## Work to be completed
Filter the material, keeping only lines with the word "PREMIUM".

## Record set
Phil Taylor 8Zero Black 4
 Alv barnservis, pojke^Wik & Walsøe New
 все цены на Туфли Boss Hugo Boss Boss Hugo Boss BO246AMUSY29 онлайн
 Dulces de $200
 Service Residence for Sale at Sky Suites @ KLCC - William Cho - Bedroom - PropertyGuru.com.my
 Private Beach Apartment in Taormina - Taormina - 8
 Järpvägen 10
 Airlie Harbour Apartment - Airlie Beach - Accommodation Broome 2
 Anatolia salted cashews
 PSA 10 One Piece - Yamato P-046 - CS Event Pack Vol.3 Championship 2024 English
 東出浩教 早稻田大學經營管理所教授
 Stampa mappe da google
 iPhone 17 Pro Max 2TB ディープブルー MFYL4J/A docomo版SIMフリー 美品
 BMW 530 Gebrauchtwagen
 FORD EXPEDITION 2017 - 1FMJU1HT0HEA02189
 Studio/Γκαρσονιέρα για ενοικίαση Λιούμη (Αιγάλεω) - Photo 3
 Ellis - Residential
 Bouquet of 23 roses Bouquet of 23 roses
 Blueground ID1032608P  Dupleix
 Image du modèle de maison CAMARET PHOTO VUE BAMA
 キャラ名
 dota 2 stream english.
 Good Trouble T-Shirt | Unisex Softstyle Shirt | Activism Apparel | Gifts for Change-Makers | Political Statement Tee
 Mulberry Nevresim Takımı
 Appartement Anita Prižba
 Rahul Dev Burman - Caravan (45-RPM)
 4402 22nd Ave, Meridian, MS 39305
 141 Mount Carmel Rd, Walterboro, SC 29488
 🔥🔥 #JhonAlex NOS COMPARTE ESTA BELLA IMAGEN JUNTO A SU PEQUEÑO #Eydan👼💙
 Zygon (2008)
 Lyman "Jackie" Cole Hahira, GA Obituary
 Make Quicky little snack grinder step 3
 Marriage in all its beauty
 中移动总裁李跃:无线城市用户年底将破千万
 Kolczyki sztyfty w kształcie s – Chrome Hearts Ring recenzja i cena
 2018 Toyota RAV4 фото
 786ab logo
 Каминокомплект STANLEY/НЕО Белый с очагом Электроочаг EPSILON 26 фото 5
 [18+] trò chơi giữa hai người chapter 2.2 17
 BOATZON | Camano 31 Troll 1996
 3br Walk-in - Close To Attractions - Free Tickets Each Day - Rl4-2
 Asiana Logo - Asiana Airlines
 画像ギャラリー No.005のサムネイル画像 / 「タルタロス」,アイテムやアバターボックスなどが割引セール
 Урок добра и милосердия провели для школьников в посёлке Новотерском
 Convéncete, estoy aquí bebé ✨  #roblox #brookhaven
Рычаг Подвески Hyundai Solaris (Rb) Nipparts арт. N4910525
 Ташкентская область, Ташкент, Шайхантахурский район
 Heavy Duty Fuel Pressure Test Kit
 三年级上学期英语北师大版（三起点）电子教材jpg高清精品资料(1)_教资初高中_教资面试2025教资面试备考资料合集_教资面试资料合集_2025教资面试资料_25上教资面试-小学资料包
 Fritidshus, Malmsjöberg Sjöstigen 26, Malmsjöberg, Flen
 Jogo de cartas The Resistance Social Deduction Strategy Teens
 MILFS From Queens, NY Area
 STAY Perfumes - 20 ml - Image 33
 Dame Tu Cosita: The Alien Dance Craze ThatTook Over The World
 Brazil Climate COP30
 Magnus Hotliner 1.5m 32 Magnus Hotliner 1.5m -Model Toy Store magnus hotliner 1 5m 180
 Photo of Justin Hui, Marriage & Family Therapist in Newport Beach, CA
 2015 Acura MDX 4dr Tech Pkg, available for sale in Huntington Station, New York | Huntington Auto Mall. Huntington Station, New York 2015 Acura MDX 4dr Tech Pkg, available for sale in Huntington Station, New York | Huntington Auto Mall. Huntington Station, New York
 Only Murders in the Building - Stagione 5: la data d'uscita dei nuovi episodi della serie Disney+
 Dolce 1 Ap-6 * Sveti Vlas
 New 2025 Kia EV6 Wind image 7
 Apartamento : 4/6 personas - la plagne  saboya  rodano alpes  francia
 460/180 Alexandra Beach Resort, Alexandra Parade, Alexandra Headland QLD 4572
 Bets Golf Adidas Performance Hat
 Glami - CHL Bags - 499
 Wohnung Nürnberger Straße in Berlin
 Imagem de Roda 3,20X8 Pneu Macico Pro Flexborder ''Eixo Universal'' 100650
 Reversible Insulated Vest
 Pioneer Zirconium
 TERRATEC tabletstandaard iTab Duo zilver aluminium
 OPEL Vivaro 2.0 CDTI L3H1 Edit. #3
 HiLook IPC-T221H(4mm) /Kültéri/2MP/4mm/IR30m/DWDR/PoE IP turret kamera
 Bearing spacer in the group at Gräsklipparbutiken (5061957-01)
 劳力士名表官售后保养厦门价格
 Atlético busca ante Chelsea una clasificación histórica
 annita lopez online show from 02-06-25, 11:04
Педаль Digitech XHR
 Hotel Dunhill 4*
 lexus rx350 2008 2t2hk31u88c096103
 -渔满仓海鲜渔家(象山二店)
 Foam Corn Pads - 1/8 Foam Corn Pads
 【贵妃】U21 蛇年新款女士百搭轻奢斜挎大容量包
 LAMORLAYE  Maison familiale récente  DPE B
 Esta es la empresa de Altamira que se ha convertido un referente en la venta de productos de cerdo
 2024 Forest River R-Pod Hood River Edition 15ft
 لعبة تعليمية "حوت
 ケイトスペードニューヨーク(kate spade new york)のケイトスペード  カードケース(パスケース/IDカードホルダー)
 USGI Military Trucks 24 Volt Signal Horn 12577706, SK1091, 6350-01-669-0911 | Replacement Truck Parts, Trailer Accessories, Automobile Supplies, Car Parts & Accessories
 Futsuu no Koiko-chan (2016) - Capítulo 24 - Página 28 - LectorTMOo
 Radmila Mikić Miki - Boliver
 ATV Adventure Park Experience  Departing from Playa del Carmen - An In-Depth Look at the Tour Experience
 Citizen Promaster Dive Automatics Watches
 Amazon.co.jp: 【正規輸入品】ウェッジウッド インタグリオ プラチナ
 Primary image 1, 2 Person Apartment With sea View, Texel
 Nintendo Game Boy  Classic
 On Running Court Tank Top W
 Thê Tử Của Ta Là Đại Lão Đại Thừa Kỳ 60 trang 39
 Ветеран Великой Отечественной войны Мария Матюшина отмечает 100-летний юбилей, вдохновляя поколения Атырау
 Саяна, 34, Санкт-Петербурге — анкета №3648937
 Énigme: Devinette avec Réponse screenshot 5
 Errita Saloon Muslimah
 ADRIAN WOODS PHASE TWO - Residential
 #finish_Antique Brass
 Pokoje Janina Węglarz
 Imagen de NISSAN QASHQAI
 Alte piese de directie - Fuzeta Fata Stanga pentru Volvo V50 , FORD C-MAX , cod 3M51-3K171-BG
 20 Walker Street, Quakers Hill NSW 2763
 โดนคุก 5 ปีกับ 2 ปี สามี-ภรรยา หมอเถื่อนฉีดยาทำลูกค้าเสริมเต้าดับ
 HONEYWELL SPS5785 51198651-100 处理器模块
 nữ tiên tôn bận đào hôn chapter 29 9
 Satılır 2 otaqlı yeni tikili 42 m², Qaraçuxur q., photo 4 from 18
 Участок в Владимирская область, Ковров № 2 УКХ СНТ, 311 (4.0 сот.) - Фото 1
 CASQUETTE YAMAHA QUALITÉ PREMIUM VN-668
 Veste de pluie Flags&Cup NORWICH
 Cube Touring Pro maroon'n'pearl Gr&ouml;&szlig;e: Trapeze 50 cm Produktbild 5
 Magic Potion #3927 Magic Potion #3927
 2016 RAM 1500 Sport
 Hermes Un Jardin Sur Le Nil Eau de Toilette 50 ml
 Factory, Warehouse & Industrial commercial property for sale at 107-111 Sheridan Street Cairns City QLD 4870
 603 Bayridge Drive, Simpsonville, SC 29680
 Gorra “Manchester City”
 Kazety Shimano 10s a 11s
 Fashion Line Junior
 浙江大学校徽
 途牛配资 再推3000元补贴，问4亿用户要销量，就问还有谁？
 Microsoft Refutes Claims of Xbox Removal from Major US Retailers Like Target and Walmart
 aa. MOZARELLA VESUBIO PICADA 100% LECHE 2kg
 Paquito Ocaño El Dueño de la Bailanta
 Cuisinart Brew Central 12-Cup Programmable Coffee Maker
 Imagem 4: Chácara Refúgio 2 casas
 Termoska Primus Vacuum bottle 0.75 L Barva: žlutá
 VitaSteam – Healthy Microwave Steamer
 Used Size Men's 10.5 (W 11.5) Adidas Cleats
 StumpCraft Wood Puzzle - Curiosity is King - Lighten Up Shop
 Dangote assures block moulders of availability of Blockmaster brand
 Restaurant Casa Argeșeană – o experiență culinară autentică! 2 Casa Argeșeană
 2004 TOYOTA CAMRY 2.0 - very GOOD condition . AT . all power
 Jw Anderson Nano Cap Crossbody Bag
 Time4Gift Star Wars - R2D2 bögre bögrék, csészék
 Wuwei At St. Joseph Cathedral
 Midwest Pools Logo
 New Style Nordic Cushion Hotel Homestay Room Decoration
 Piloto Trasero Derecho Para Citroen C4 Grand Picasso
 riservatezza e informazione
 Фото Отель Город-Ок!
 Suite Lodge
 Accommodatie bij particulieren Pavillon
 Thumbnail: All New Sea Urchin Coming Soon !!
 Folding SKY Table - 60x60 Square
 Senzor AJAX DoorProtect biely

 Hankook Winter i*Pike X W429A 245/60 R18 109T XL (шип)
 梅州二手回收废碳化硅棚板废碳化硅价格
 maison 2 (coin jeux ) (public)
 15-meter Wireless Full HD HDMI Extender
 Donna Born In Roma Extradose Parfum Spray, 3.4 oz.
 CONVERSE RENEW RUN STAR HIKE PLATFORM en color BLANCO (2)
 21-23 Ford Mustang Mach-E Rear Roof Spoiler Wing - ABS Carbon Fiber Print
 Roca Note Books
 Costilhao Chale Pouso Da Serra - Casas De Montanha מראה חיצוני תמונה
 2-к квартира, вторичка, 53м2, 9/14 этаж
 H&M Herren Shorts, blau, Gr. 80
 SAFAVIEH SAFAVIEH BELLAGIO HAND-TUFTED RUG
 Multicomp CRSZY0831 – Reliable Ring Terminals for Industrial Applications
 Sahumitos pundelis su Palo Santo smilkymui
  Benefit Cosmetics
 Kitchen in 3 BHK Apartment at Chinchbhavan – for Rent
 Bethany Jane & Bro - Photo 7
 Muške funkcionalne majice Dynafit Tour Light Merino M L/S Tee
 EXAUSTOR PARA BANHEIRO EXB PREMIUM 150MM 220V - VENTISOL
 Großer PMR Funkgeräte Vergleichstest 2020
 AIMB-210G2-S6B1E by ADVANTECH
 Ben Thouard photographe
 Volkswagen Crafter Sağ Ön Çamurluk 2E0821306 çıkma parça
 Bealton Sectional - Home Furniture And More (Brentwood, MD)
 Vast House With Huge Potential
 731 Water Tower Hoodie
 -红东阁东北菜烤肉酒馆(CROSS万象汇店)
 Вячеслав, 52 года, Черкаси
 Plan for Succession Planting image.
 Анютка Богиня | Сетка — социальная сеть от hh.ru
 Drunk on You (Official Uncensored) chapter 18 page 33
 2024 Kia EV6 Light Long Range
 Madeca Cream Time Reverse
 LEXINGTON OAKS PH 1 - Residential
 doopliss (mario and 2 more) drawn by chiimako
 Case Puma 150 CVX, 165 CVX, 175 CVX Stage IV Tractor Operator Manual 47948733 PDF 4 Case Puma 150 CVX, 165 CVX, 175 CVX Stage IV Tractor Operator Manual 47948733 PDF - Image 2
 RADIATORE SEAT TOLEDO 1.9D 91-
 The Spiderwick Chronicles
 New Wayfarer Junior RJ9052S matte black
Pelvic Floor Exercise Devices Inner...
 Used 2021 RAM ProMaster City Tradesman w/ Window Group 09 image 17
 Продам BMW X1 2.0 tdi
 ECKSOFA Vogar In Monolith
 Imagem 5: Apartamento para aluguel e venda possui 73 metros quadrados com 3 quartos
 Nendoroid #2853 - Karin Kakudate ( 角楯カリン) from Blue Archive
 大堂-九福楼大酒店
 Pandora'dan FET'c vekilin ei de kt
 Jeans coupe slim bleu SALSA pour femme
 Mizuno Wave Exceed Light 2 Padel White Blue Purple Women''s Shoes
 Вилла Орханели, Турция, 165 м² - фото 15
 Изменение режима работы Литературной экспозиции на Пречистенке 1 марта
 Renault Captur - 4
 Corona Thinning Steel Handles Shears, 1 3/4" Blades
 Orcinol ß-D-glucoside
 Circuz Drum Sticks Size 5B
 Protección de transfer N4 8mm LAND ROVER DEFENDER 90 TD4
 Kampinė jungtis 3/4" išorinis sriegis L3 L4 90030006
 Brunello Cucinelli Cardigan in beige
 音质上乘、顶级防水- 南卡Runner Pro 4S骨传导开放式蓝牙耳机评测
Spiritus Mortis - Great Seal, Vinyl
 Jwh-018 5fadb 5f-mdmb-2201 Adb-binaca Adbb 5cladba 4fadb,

## Solution for this problem
 CASQUETTE YAMAHA QUALITÉ PREMIUM VN-668
 EXAUSTOR PARA BANHEIRO EXB PREMIUM 150MM 220V - VENTISOL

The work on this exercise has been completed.